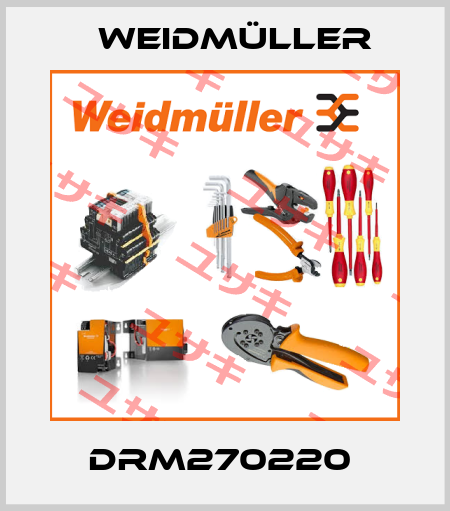 DRM270220  Weidmüller
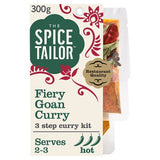 The Spice Tailor Fiery Goan Curry kit 300g (British brand)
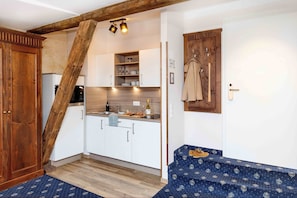 Küchenzeile, Eingangsbereich, Garderobe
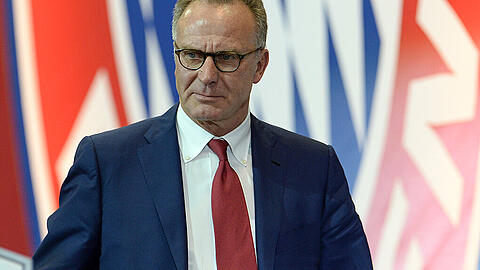 Karl-Heinz Rummenigge lobt die Entwicklung des VfL Wolfsburg.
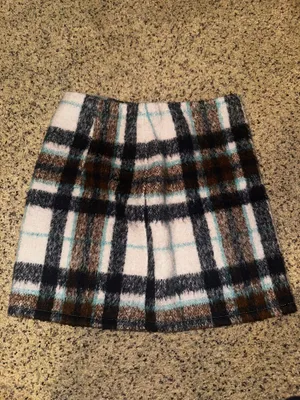 Plaid Skirt Multi thumbnail 1
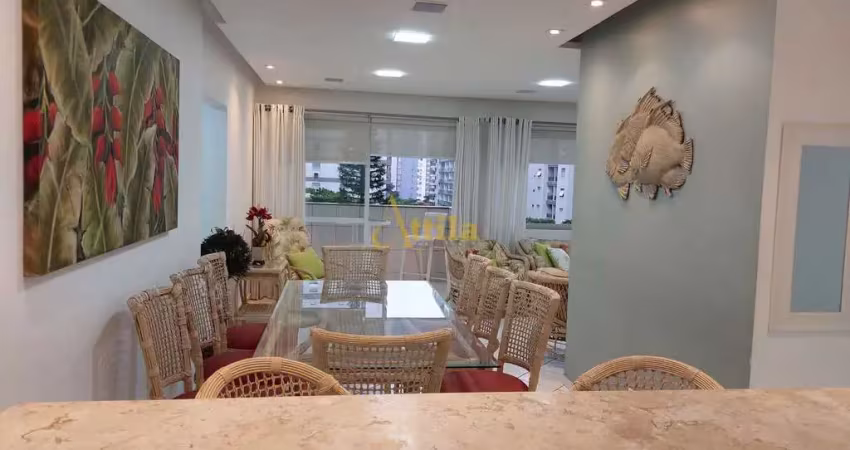 Apartamento com 3 quartos, pitangueiras, guarujá - r$ 639 mil, cod: 6599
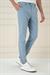 Comfort Fit Beli Lastikli Esnek Casuel Havacı Mavi Pantolon P 1173
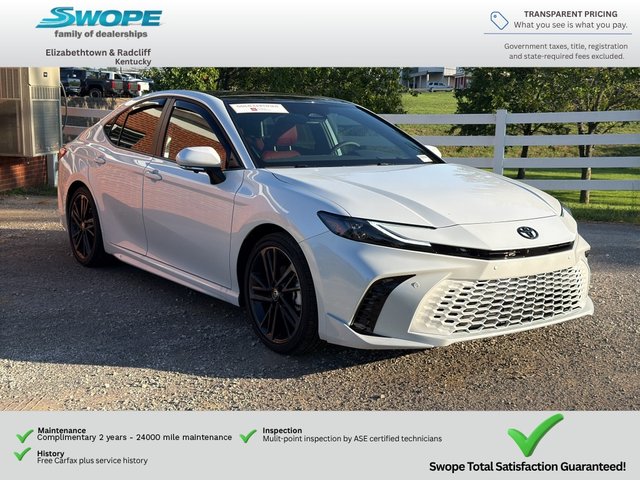2026 Toyota Camry Hybrid XSE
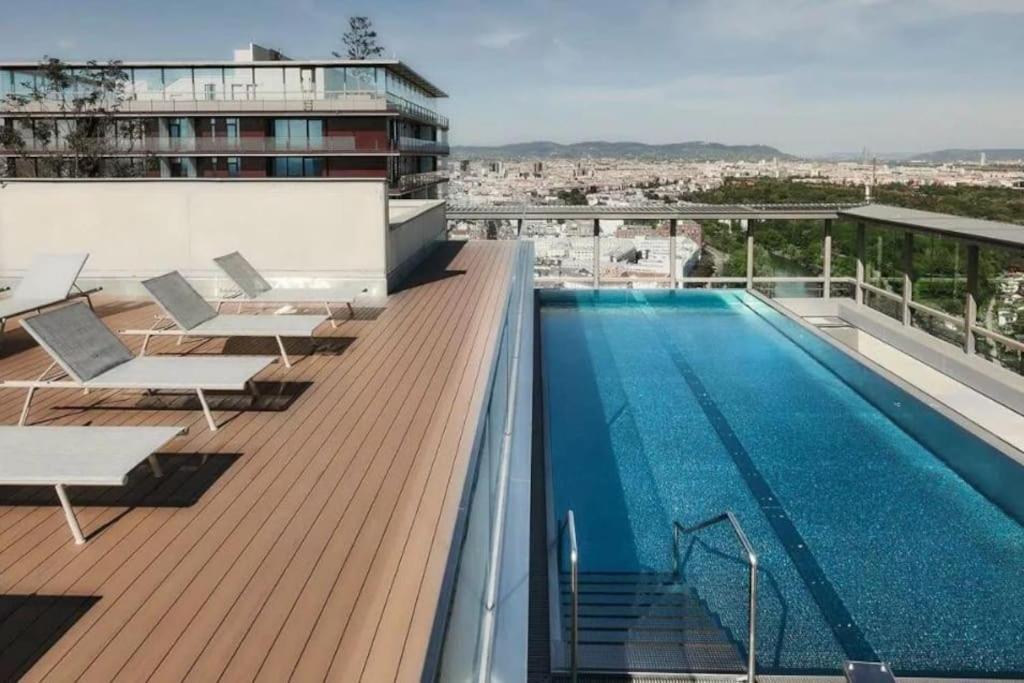 Skyline Suite - Schick Ueber Wien Exterior foto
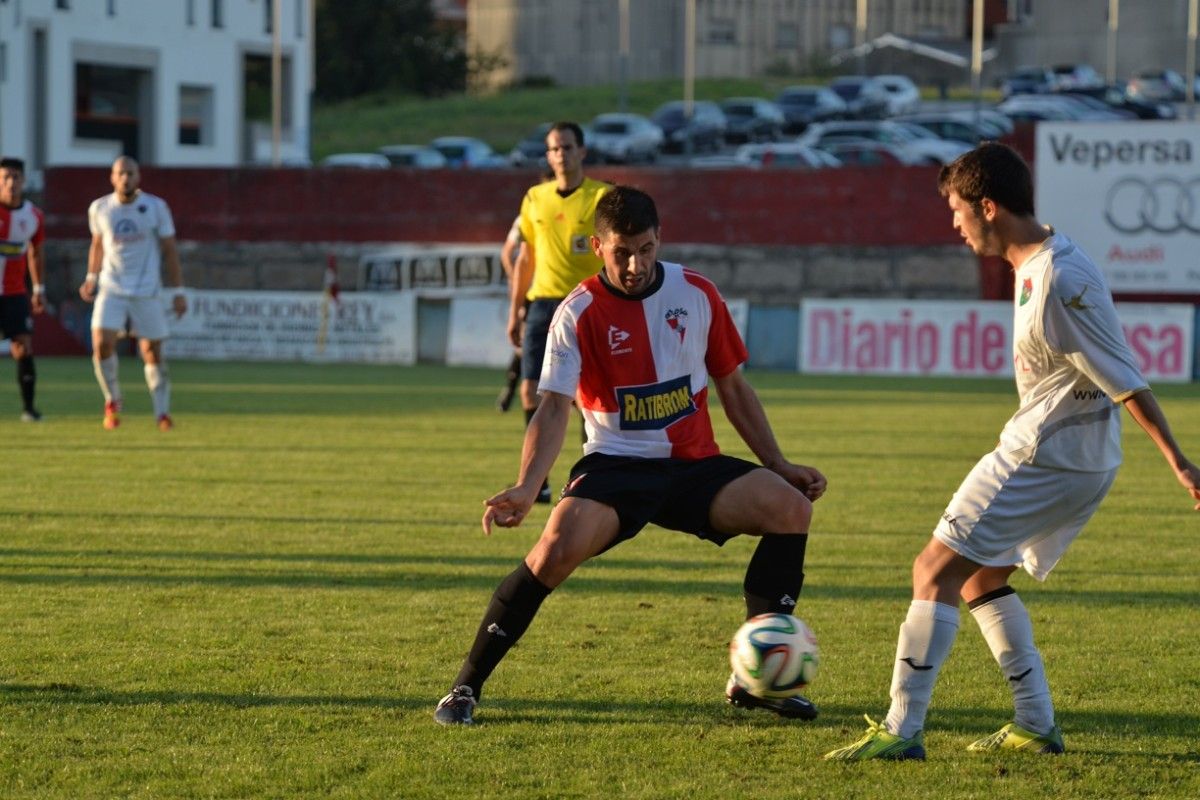 Partido entre Arosa e Boiro na Lomba
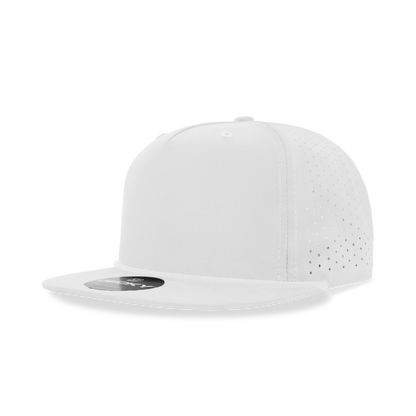 5 Panel High Profile Relaxed Perforated Performance Rope Hat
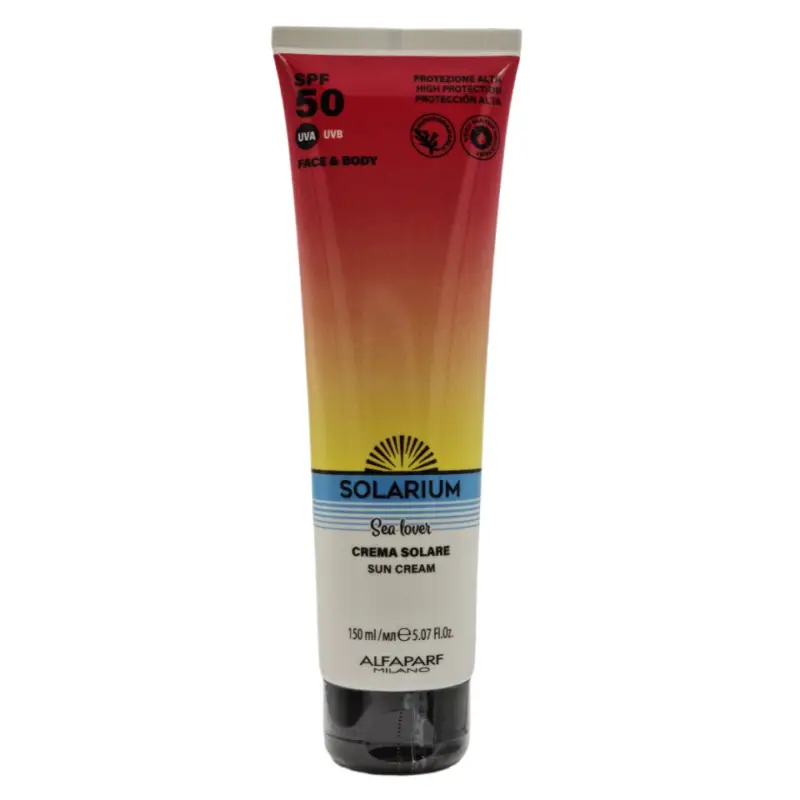 Ihned K Objednání Solarium Sea Lover Sun Cream SPF 50 150 ml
────────────────
Exactly the lines from the one holding "Skyline Suite - Schick" through the last line of the entries must be set down, with nothing added and no pictures.

ANSWER TO THIS PROBLEM –
 Skyline Suite - Schick Ueber Wien Exterior foto
 Partido entre Arosa e Boiro na Lomba
 5 Panel High Profile Relaxed Perforated Performance Rope Hat
 Ihned K Objednání Solarium Sea Lover Sun Cream SPF 50 150 ml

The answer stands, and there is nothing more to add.